Content starts

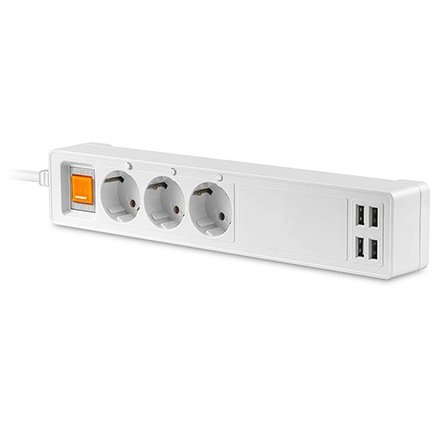 Prelungitor Smart 16A 3x Prize 4x USB 1.8m Tuya Alb
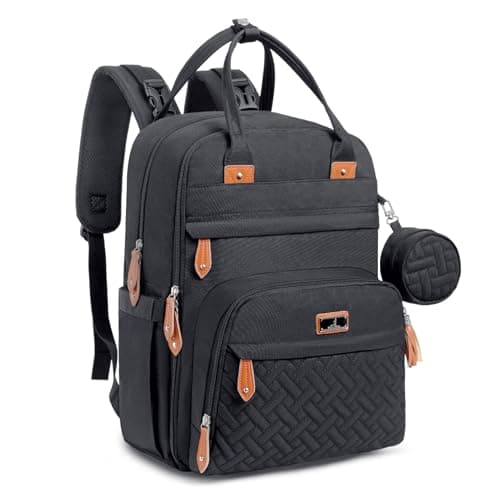 BabbleRoo Diaper Bag Backpack - Baby Essentials Travel Tote - Multi Function Water Resistant Diaper Bag, Travel Essentials Baby Bag with Changing Pad, Stroller Straps & Pacifier Case - Unisex, Black - Image 1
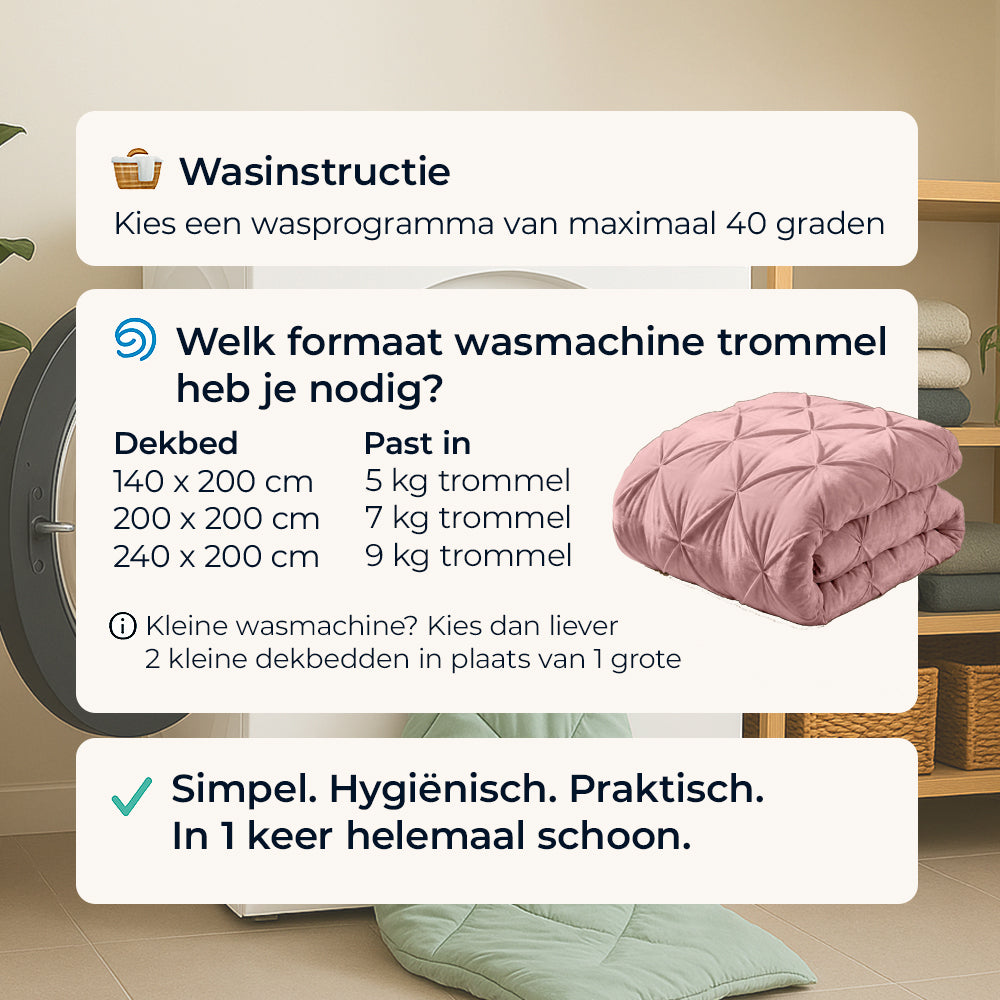 Dekbed Zonder Overtrek - Roze Velvet Pintuck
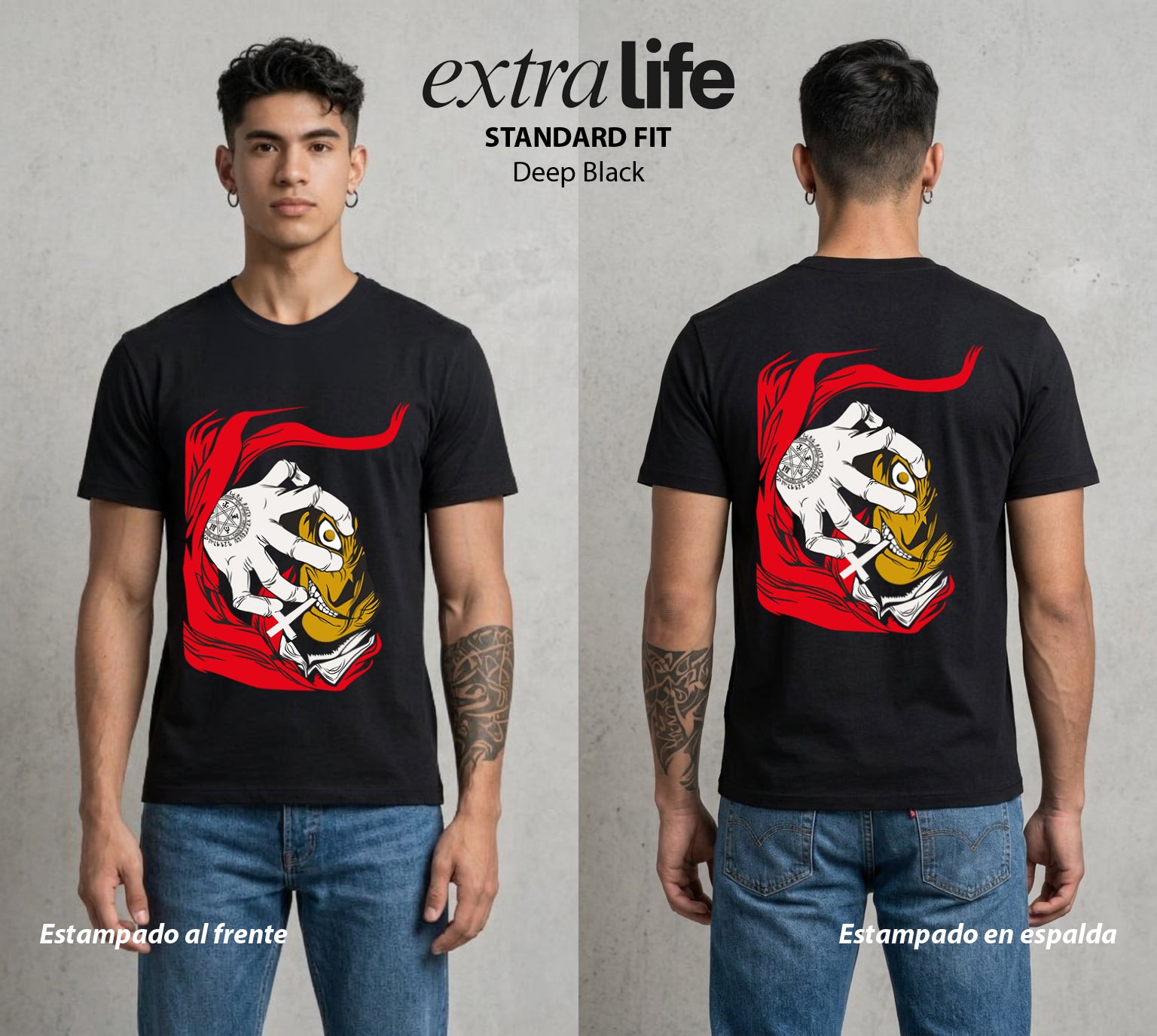 La Organizacion Oscura | El Poder de la Noche #01636 - Playera Standard Fit | Deep Black - Foto en modelo
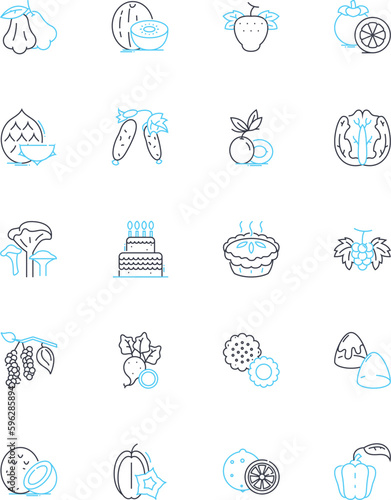 Aquaculture linear icons set. Harvest, Fish, Shrimp, Algae, Oysters, Mussels, Tilapia line vector and concept signs. Trout,Salmon,Aquaponics outline illustrations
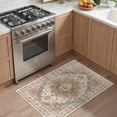 thumbnail image 3 of Roxstand 2'x3' Washable Entryway Rug, Vintage Non Slip Stain Resistant Small Accent Throw Kitchen Rugs, Turmeric, 3 of 10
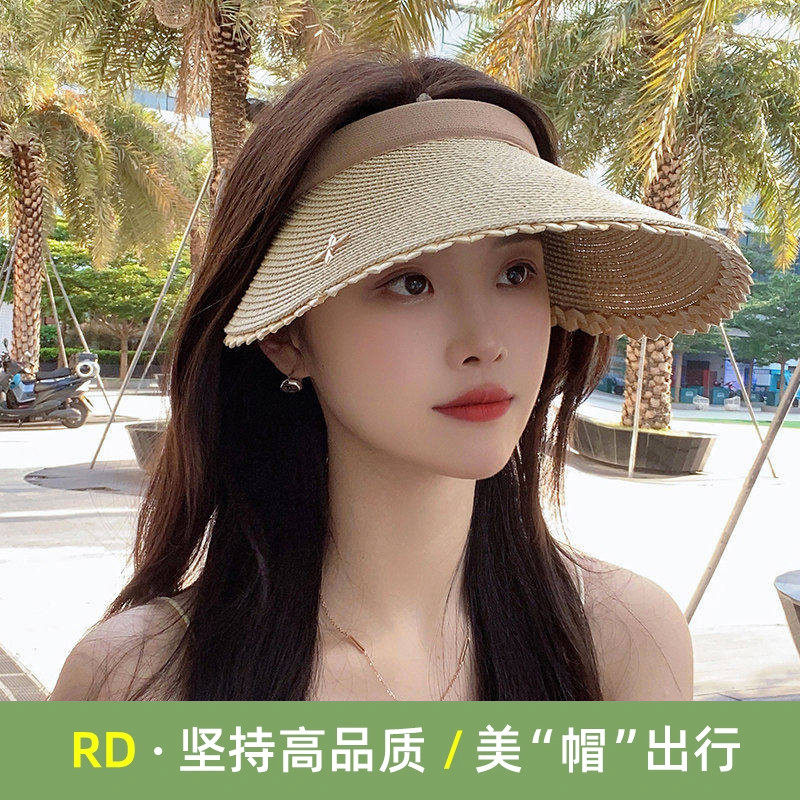 空顶拉菲草帽女草编防晒太阳遮阳帽防紫外线夏季女款帽子2026新款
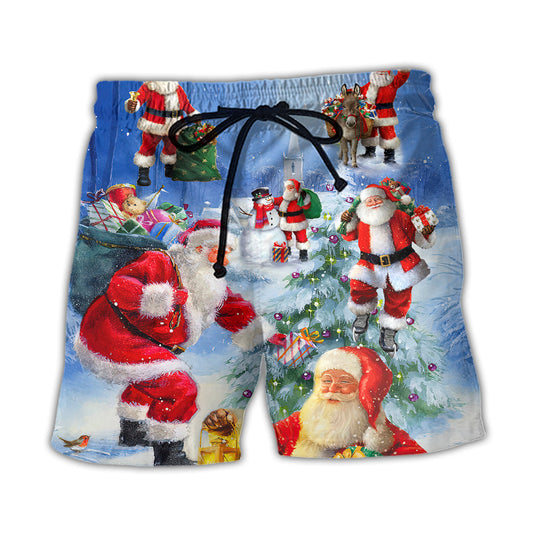 Christmas Santa Coming Night Story Art – Beach Short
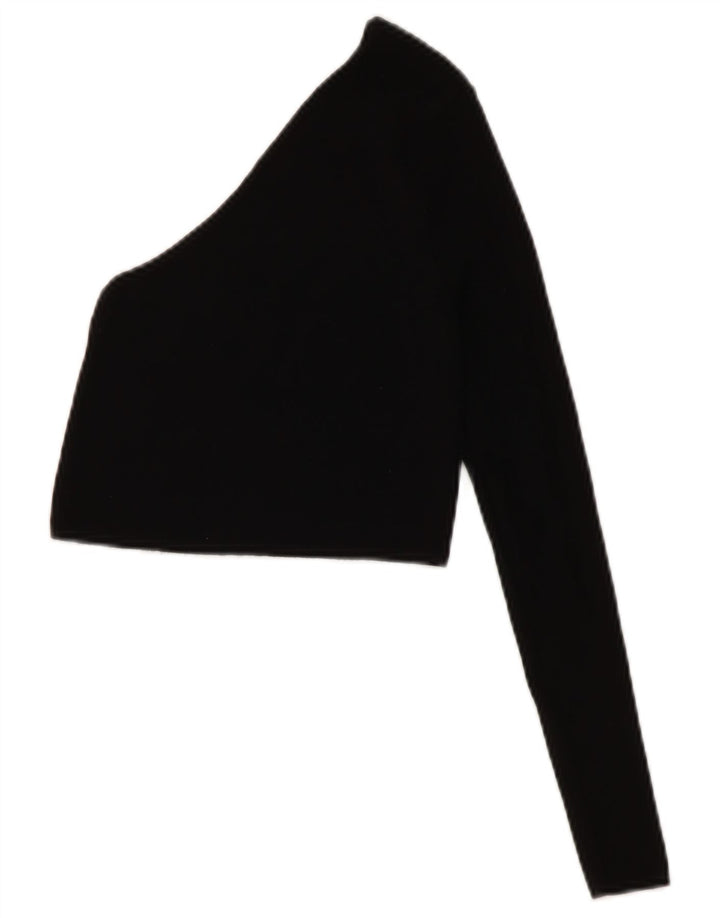 Top corto monospalla da donna Zara UK 8 piccolo in viscosa nera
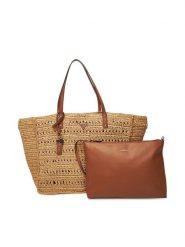 Guess Torebka Irene HWWG86 85240 Brązowy. Brązowe shopper bag Guess, z aplikacjami, z tworzywa sztucznego, bez dodatków. Za 579.99 zł.
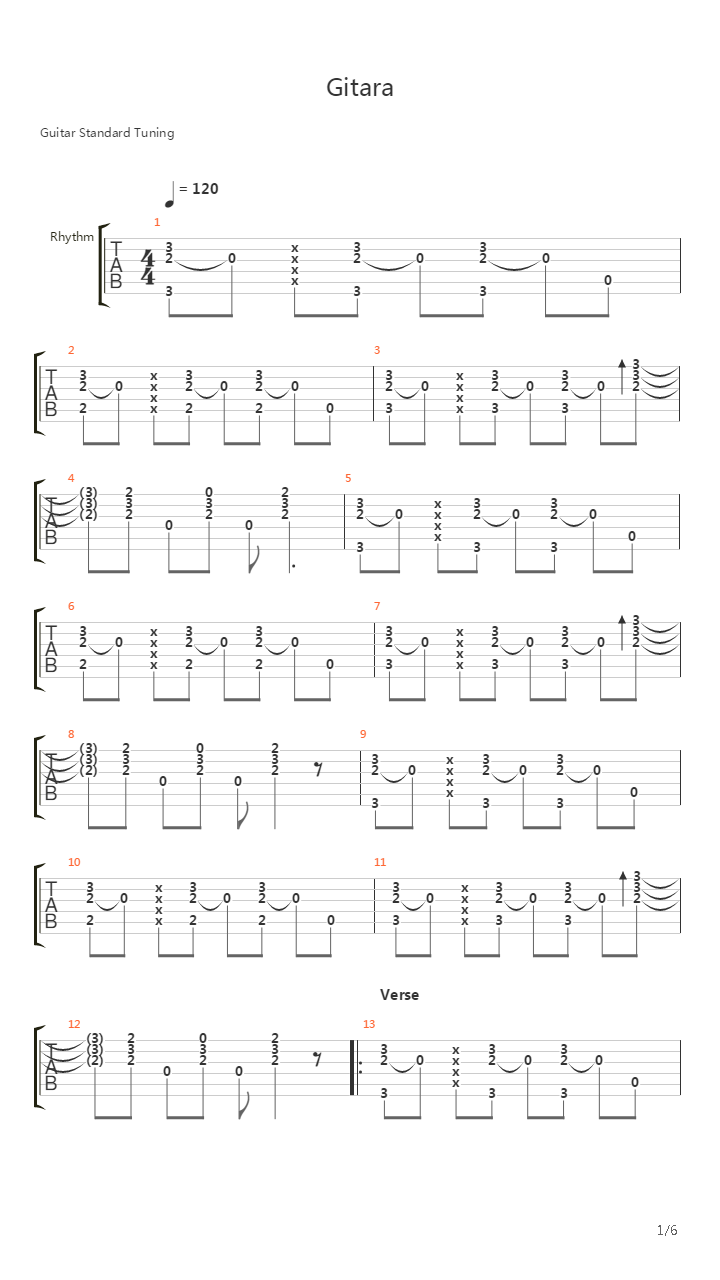 Gitara吉他谱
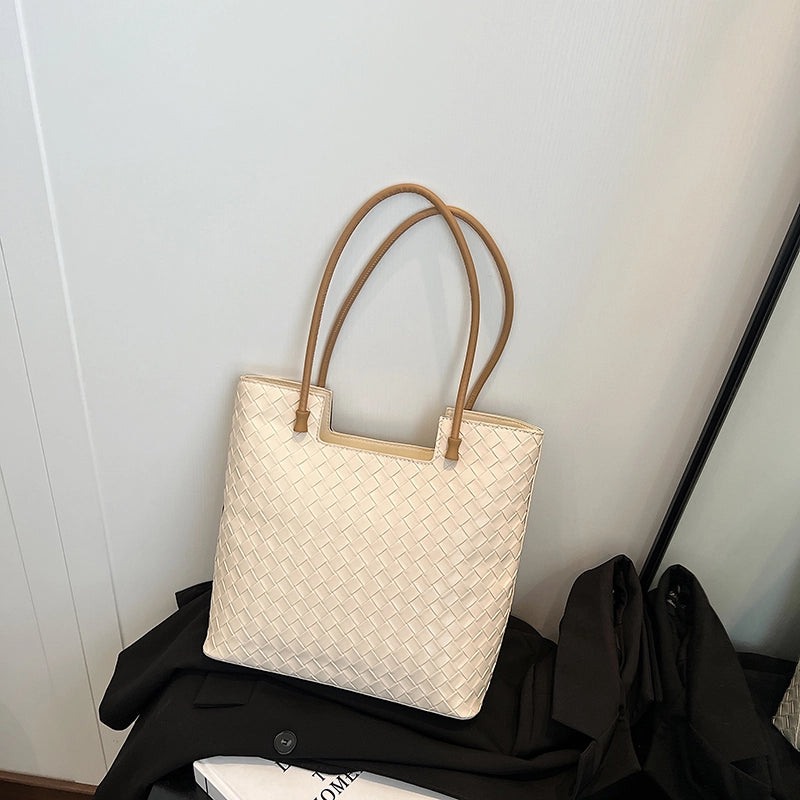Women's Medium Pu Leather Solid Color Streetwear Square Zipper Tote Bag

Content ends

> Work task:
Return all of the material exactly, without pictures.

> Answer section:
 Prelungitor Smart 16A 3x Prize 4x USB 1.8m Tuya Alb
 BabbleRoo Diaper Bag Backpack - Baby Essentials Travel Tote - Multi Function Water Resistant Diaper Bag, Travel Essentials Baby Bag with Changing Pad, Stroller Straps & Pacifier Case - Unisex, Black - Image 1
 Dekbed Zonder Overtrek - Roze Velvet Pintuck
 La Organizacion Oscura | El Poder de la Noche #01636 - Playera Standard Fit | Deep Black - Foto en modelo
 Aquaculture linear icons set. Harvest, Fish, Shrimp, Algae, Oysters, Mussels, Tilapia line vector and concept signs. Trout,Salmon,Aquaponics outline illustrations
 thumbnail image 3 of Roxstand 2'x3' Washable Entryway Rug, Vintage Non Slip Stain Resistant Small Accent Throw Kitchen Rugs, Turmeric, 3 of 10
 空顶拉菲草帽女草编防晒太阳遮阳帽防紫外线夏季女款帽子2026新款
 Christmas Santa Coming Night Story Art – Beach Short
 Top corto monospalla da donna Zara UK 8 piccolo in viscosa nera
 Guess Torebka Irene HWWG86 85240 Brązowy. Brązowe shopper bag Guess, z aplikacjami, z tworzywa sztucznego, bez dodatków. Za 579.99 zł.
 Gitara吉他谱
Women's Medium Pu Leather Solid Color Streetwear Square Zipper Tote Bag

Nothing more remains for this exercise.